Ma in ultima analisi, Testa ne La divisione della gioia annoda soprattutto i capi sottilissimi di un’elucubrazione amorosa, intensamente conscia, a partire dagli inneschi erotici legati al dipanare di una condivisione in solitaria che insiste soprattutto nella tensione all’appagamento, per sondare il limite sempre più evidente di un pieno reciprocarsi.

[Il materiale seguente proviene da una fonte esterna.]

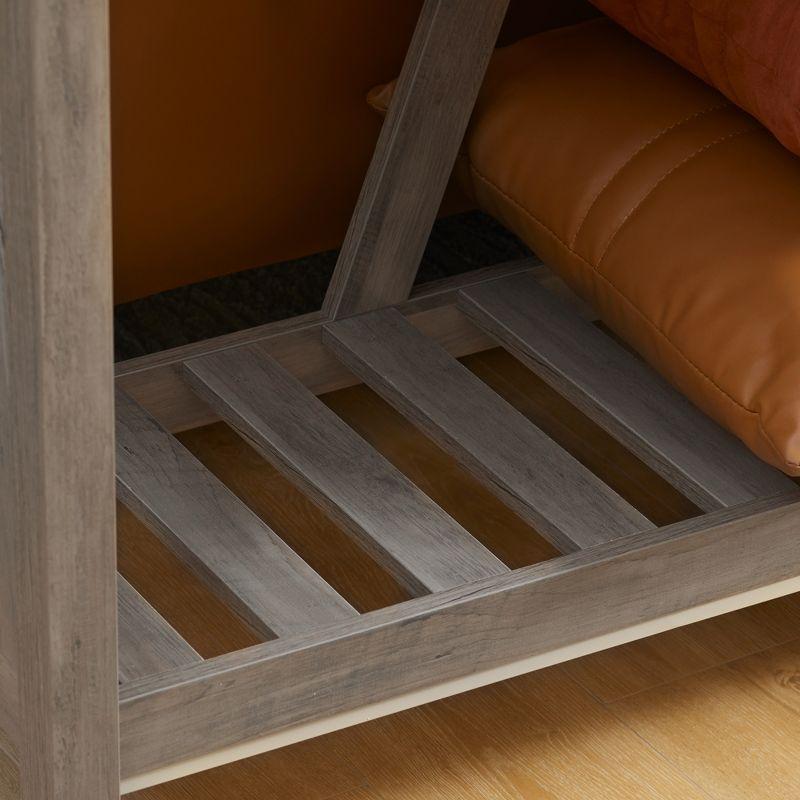 HOMCOM Farmhouse Console Table with Storage Shelf, Rustic Sofa Table with Anti-tipper for Living Room Furniture, Bedroom and Entryway, Gray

La divisione della gioia, restituisce al lettore una duplice possibilità: una frequentazione amorosa amena e del tutto plausibile di una post-realtà dei rapporti, sia nel senso di un’evoluzione a posteriori che permette di specchiarsi in un quoziente onirico di pura somiglianza con il desiderio che li animava, sia nel senso strettamente esistenziale, di cercarsi, in un presente su cui il passato collettivo e individuale non ha smesso di dirimere la sua qualità alterna di gioia e di dolore.

PERDENDO TERRENO

dillo allora che una verità non cade
sui campi neri, tra i corpi eccitati
ci siamo noi che già arresi ci apriamo
alla luce e al vento che ci uguaglia,
o nient’altro è il tempo se non la spoglia
che preme e svuota il suo dolore
tra le gambe ossute di una donna,
il ronzio delle tue stesse orecchie
quando fulminea ti prende in bocca,
dillo allora che una verità non cade
dentro la gola, tra le labbra serrate,
e siamo noi che dall’alto guardiamo
come impalati, perdendo terreno
sul mondo dei vivi,
in questa morte
che ci precede e in questo buio
cui scendiamo con odio pieno

Le altre pubblicazioni di Italo Testa
I primo titolo in ordine di tempo pubblicato da Testa è Gli aspri inganni da Lietocolle nel 2004, un poemetto. Seguono Biometrie edito da Manni, 2005 e Canti Ostili edito da Lietocolle nel 2007, una sorta di concept album che illustra poesie di viaggio e diari, in un registro che si articola su diversi tempi e luoghi, di volta in volta precisamente scanditi. La serie di libri che precedono La divisione della gioia si conclude nel 2010 con la pubblicazione digitale da gammm dell’eBook Non ero io disponibile alla lettura qui.